- **Your goal**: The listing below holds pictures; exclude them. Return exactly the lines from the one with "Serene outdoor swimming" through the one with "Photo: Young couple".

- **Information shown**:
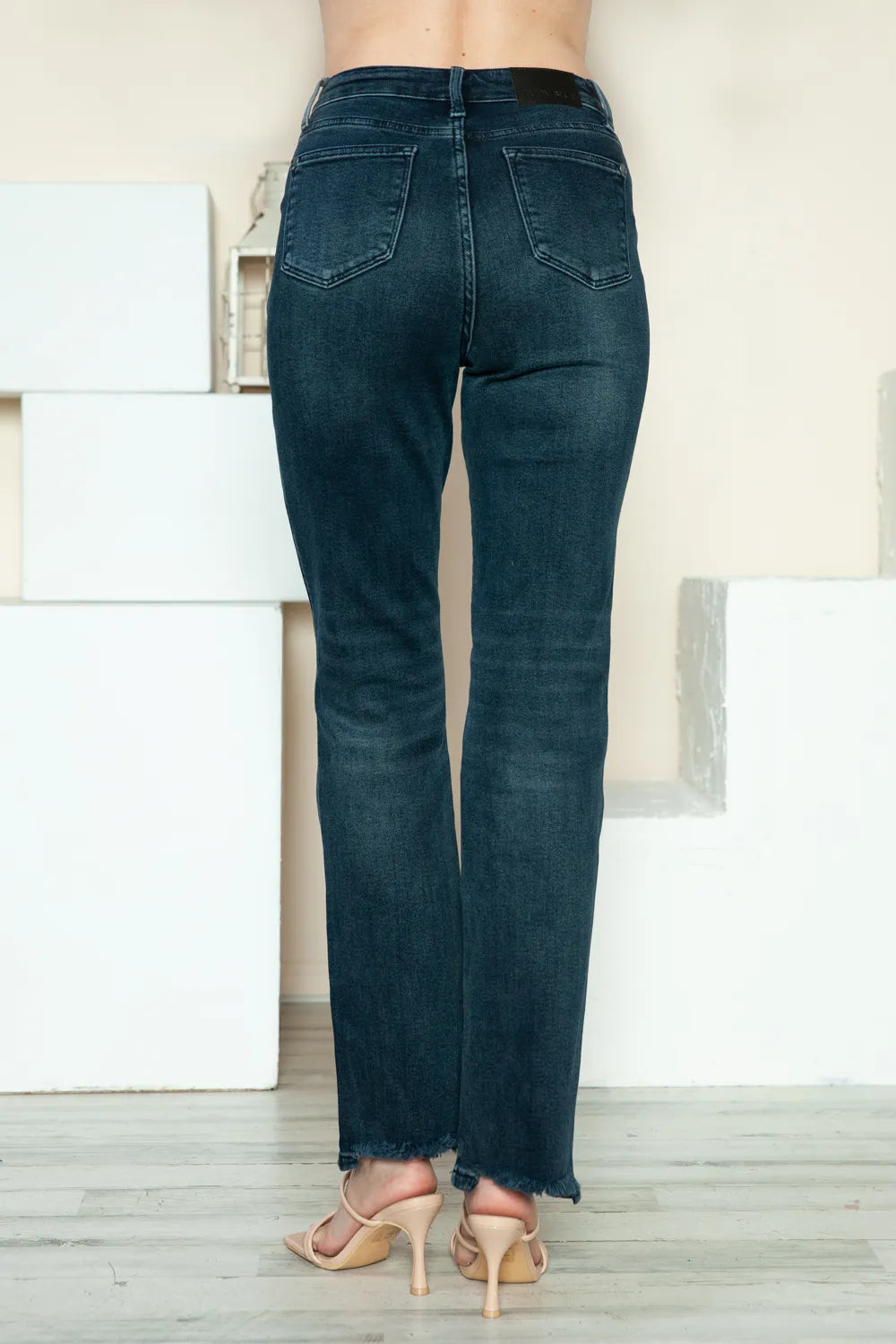 Distressed straight leg jeans shown from the side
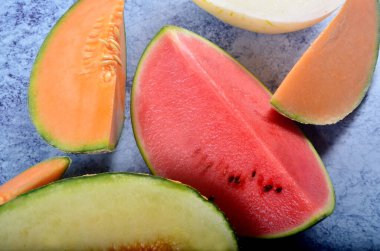 Lezzetli organik kavunlar ve karpuz mavi taş arka planda ikiye bölünmüş.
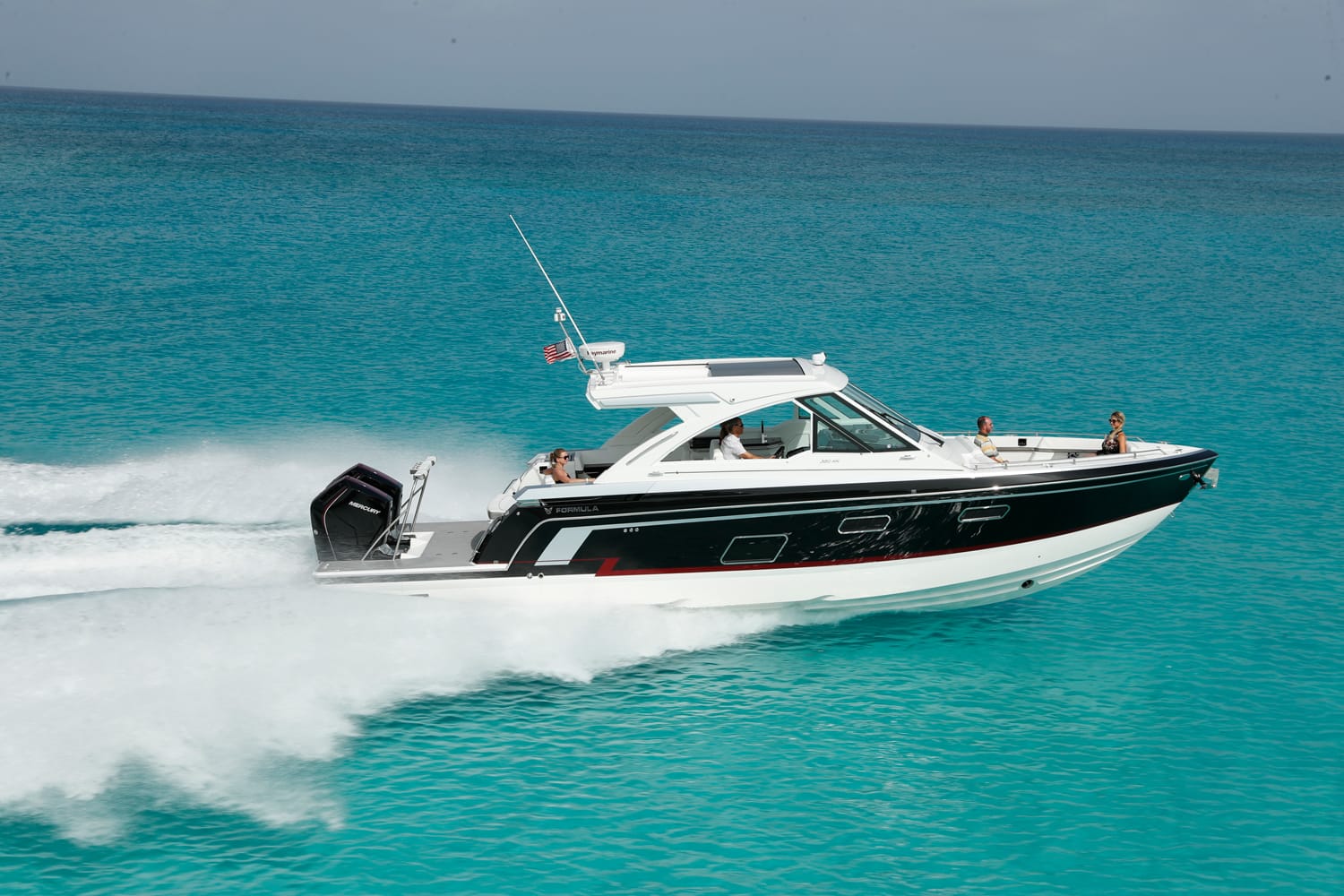 side angle of boat cruising in water 380 Super Sport Crossover Formula Boat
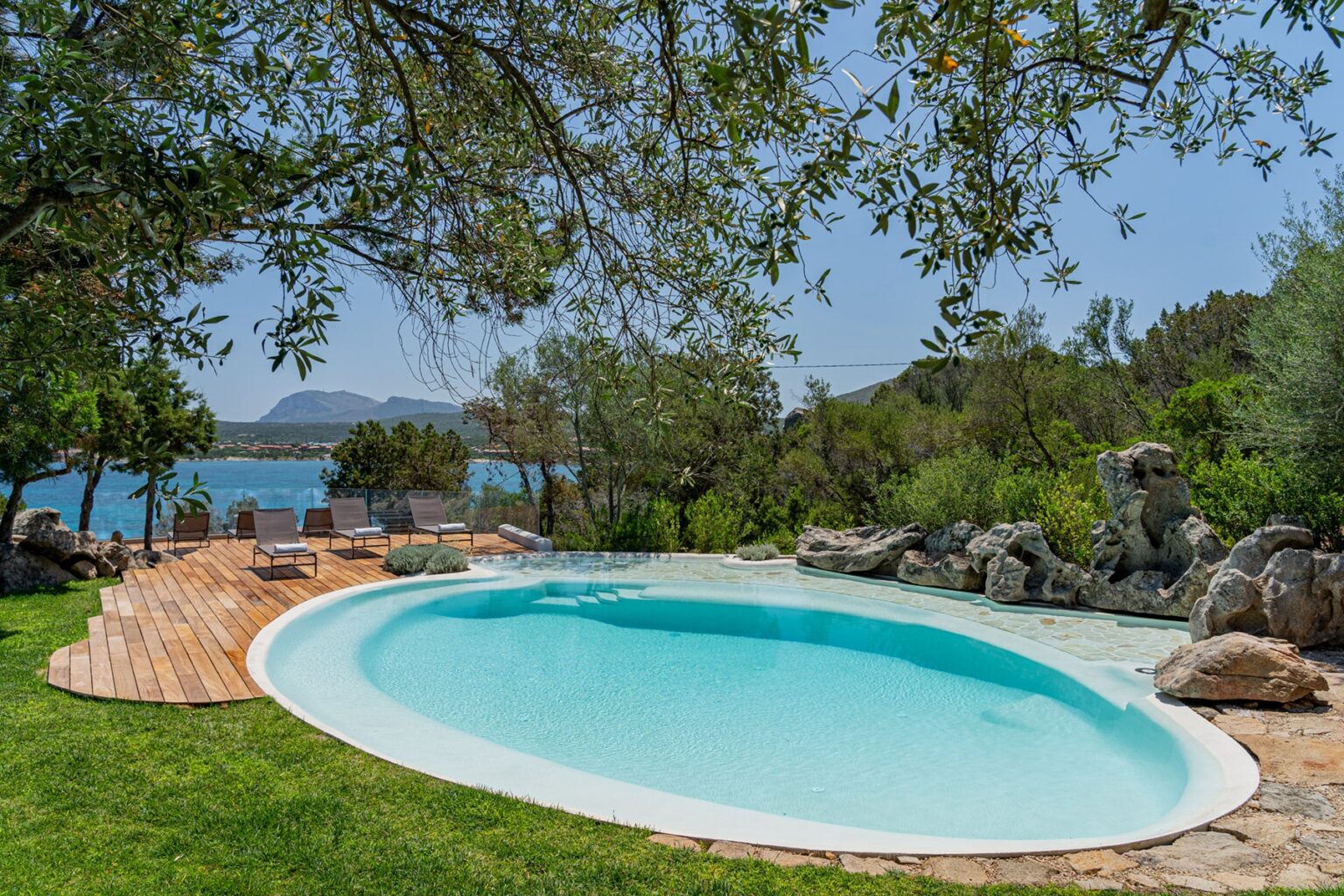 Serene outdoor swimming pool surrounded by lush greenery and natural rock formations, with a picturesque view of the water and mountains in the background. Ideal for relaxation and leisure. | Only on SopranoVillas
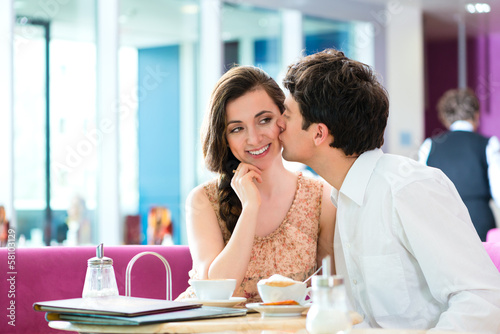 Photo: Young couple cafe hugging and kissing Young couple cafe hugging and kissing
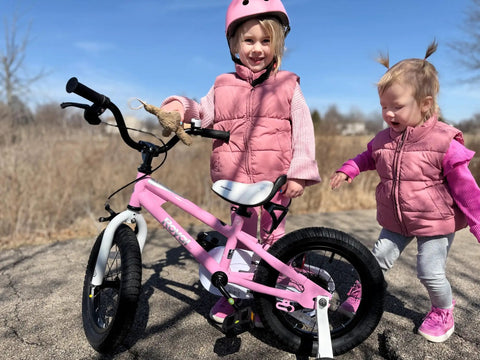 Two young girls with a 12 Inch Kids Bike For Toddlers Girls Learning Bicycle With Training Wheels Easy Peasy Assembly Safe Handbrake Front Caliper Brakes Ideal Beginner Ride For Ages 3 To 4 Pink on a sunny day.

- **Solution to this problem**:
 Serene outdoor swimming pool surrounded by lush greenery and natural rock formations, with a picturesque view of the water and mountains in the background. Ideal for relaxation and leisure. | Only on SopranoVillas
 Photo: Young couple cafe hugging and kissing Young couple cafe hugging and kissing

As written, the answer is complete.